1. Severity of the issue: (select one)
High: Completely blocks me.
2. Environment:
- Ray version: 2.40.0
- Python version: 3.10
- OS: ubuntu
3. What happened vs. what you expected:
I discovered a problem with the use of ray. The assignment suddenly failed, and it was found that the corresponding node had an OOM. Because the user turned off the memory_monitor, it was identified through the machine’s /var/log/message that the corresponding worker copy had an oom-killer situation.

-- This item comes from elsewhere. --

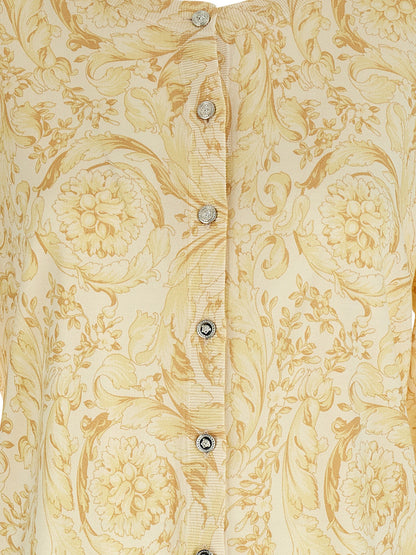 Cardigan by Versace for women in silk bicolour, yellow & print features a nuanced silhouette with a refined and nuanced detailing for a sophisticated look.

By observing the logs of the corresponding time points, it was found that OM-Killer has been killing all the time. First, it killed the user’s job programs, such as task programs like readParquet. Because object-store was used, after killing these programs, shmem-rss was not released. At this time, the oom-killer was still running until it finally killed raylet.
Observing the log, it was found that the anon-rss of raylet was as high as 37GB, and the anon-rss of raylet of another node was also as high as 32GB. Since our pod only has 47G of memory allocated and the default shared memory is 30%, it should be occupied by 14G.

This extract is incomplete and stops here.